What’s new in tech
iPhone falls behind on photos
The iPhone camera is no longer the best in its class, said Vlad Savov in TheVerge.com. Thanks to a new wave of Android devices, Apple is in the “unusual position of having to run to catch up.” The leaders are Huawei and Google, which have raised the bar of expectation for mobile photography in recent years. Google’s Night Sight, for example, “was a revolution for nighttime imaging” when it came out last year. Google has been a leader in using its phone’s computing power to optimize images, and the upcoming “Pixel 4 is likely to push us even further into the age of unbelievable computational photography.” Outside the U.S., Huawei has introduced even more elaborate cameras, adding a 5x optical zoom to its P30 Pro. All this leaves people who care about their photos asking, “Where is the iPhone?”

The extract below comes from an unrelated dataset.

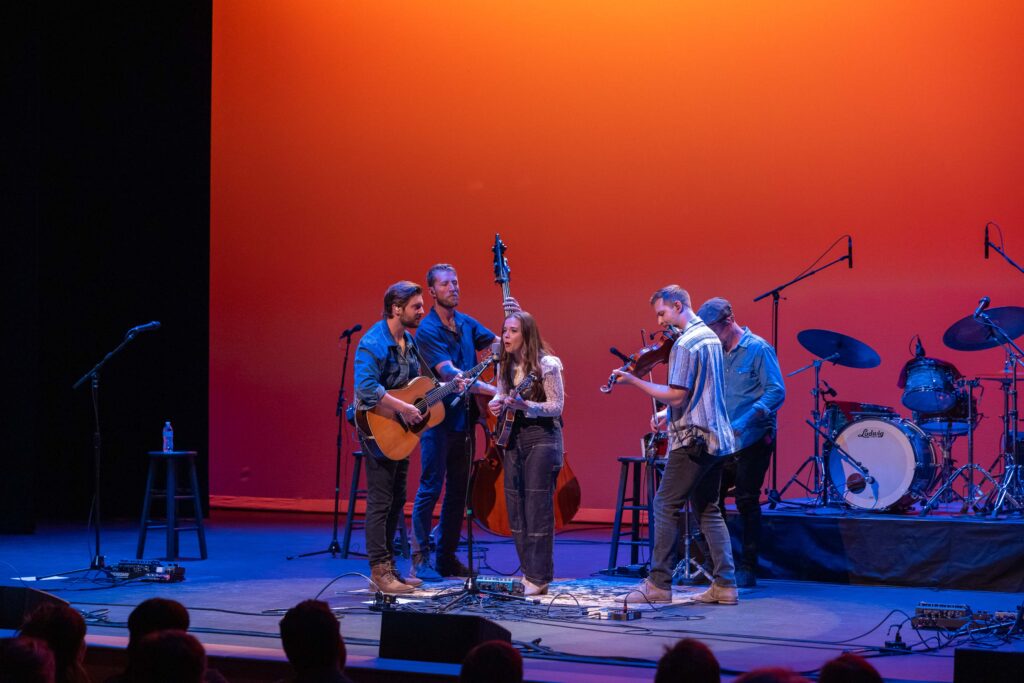 Series Spruce Peak Unplugged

A secret online trust score
There’s a score you don’t know about that websites use to evaluate whether you might be a bot or a fraudster, said Christopher Mims in The Wall Street Journal. It comes from a company called Sift, and it’s based on more than 16,000 signals to flag devices, credit cards, or accounts “that a company might want to block.” You can’t find out the score, because it’s not tied to your name. But data gathered by one company is shared with others. So when one site finds fishy behavior linked to an email, “that could mark it as risky for other companies.” One signal that an account really belongs to a human: Problems signing in. “The bots log in perfectly every time.”

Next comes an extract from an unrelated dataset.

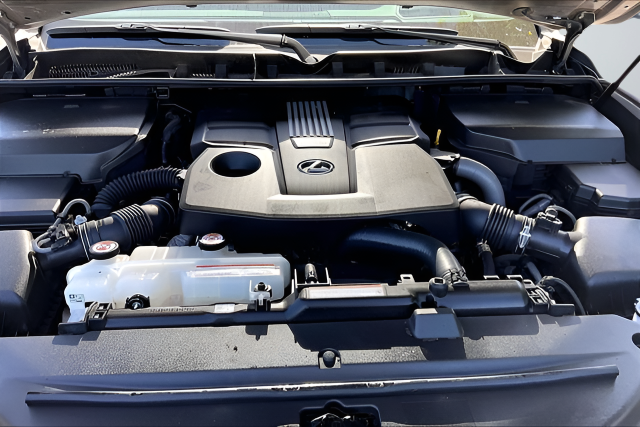 Used 2023 Silver Lexus 600 F SPORT image 27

More than two dozen AI experts signed a letter urging Amazon to stop selling its facial-recognition technology to law enforcement agencies, said Cade Metz and Natasha Singer in The New York Times. The experts, including a recent winner of the Turing Award—the Nobel Prize of computing—argued that Amazon’s Rekognition program is biased against women and minorities. In January, researchers at the Massachusetts Institute of Technology found Rekognition “had more trouble identifying the gender of female and darker-skinned faces in photos than similar services from IBM and Microsoft.” It mistook women for men in almost one in five cases, and did even worse with darker-skinned women, getting the gender wrong 31 percent of the time. Similar problems—since resolved—have afflicted Microsoft’s technology.